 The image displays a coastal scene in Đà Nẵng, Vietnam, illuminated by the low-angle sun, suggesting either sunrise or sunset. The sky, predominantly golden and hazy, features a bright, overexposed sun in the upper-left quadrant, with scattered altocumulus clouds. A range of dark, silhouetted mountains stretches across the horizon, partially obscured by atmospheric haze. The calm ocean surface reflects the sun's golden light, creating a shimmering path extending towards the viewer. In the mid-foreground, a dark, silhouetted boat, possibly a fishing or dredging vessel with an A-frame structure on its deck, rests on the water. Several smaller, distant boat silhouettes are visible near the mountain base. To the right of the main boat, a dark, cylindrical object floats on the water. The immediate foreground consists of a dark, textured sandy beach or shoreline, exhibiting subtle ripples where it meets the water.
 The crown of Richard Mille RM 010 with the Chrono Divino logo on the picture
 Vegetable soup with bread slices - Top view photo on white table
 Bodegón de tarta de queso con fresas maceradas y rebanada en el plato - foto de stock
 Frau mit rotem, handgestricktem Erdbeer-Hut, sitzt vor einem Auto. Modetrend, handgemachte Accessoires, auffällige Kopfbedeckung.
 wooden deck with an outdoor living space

* [Assignment]:
Find the line that contains "Bodegón de tarta". Repeat it and every line after it, exactly as written, up to and including the last line of the records above.

* [Exercise output]:
 Bodegón de tarta de queso con fresas maceradas y rebanada en el plato - foto de stock
 Frau mit rotem, handgestricktem Erdbeer-Hut, sitzt vor einem Auto. Modetrend, handgemachte Accessoires, auffällige Kopfbedeckung.
 wooden deck with an outdoor living space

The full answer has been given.